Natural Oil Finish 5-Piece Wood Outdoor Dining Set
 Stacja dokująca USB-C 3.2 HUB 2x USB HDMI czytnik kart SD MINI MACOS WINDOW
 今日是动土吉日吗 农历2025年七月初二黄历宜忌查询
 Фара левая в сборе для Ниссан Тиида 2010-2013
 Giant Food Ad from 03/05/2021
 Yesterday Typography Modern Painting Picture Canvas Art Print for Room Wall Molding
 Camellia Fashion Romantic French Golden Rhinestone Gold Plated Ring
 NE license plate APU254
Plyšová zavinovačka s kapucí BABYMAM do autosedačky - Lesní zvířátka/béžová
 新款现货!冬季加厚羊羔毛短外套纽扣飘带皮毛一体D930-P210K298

→ **EXERCISE INSTRUCTIONS**:
Every line from the one that holds "Yesterday Typography Modern" to the end of the data above should be given again exactly, with that line and the last one both kept.

→ **EXERCISE RESPONSE**:
 Yesterday Typography Modern Painting Picture Canvas Art Print for Room Wall Molding
 Camellia Fashion Romantic French Golden Rhinestone Gold Plated Ring
 NE license plate APU254
Plyšová zavinovačka s kapucí BABYMAM do autosedačky - Lesní zvířátka/béžová
 新款现货!冬季加厚羊羔毛短外套纽扣飘带皮毛一体D930-P210K298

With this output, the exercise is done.